Większość dużych miast w Polsce mierzy się z wyludnianiem i suburbanizacją. Jedne dlatego, że straciły na atrakcyjności osadniczej, inne wręcz przeciwnie – dlatego, że ich atrakcyjność rośnie, co powoduje, że stają się droższe. I choć prognoza Głównego Urzędu Statystycznego przewiduje na lata 2017–2030 dynamiczny rozrost polskich aglomeracji, to najwięcej ludności ma przybyć na obszarach bezpośrednio przyległych do większych miast. Dlatego wyzwaniem dla miast, które przyciągają do siebie standardem życia, możliwościami zawodowymi, zarobkami czy edukacją, pozostanie zatrzymanie przybyszów tak, by związali się z miastem na trwałe i nie odpłynęli do ośrodków jeszcze bardziej atrakcyjnych lub podmiejskich – tańszych i dobrze skomunikowanych z miastem matką.
Jak sprawić, by nowy mieszkaniec został lokalnym patriotą, który identyfikuje się z tożsamością miasta, buduje jego społeczność, płaci w nim podatki, wreszcie, odcinając pępowinę, zmienia meldunek?

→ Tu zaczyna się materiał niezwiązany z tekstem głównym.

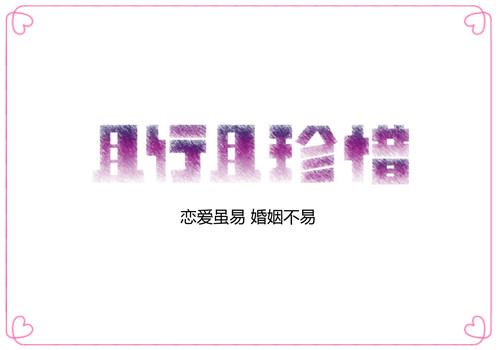李小璐出軌事件，你怎么看？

Zapytajmy o to Ulę i Marka, którzy przenieśli się ze wschodniej Polski na Pomorze. Poznali się w Gdyni – mieście, które jak wiele dużych, rozwijających się i przyciągających przybyszy ośrodków zmaga się z depopulacją – według GUS liczba mieszkańców spadła tu o 2% proc. zarówno w dekadzie 2000–2010, jak i 2010–2020.
Prognozy GUS dla dużych miast nie są łaskawe – tylko 6 spośród 39 miast, liczących ponad 100 tys. mieszkańców, odnotuje do 2030 r. wzrost ludności. Trendu suburbanizacji na razie się nie powstrzyma – tańsze od centrum przedmieścia będą nadal do siebie przyciągać. Dlatego, jak mówią Ula i Marek, liczą się gesty i szczegóły, które sprawiają, że przybysz może się poczuć w nowym mieście jak w domu.
Pod Centrum Nauki Experyment podjeżdżają na rowerach. Ona elektrycznym cargo Urban Arrow Family przystosowanym do przewozu dzieci, on błękitnym miejskim rowerem Baltica Gdynia. W cargo podróżuje kilkumiesięczna Laura.
– Zobaczymy, czy zainteresują ją już jakieś eksperymenty – śmieje się Ula, przekładając córkę do nosidła. – Rośnie tak szybko, że to bardzo możliwe – dodaje, pokazując zdjęcia w komórce. – To dzisiejsze, zrobione w naszym cargo. Na tym Marek ciągnie ją na sankach w lesie na Witominie. Tu z babcią na plaży, gdy moja mama przyjechała do nas latem. A to jej pierwsze zdjęcie ze szpitala.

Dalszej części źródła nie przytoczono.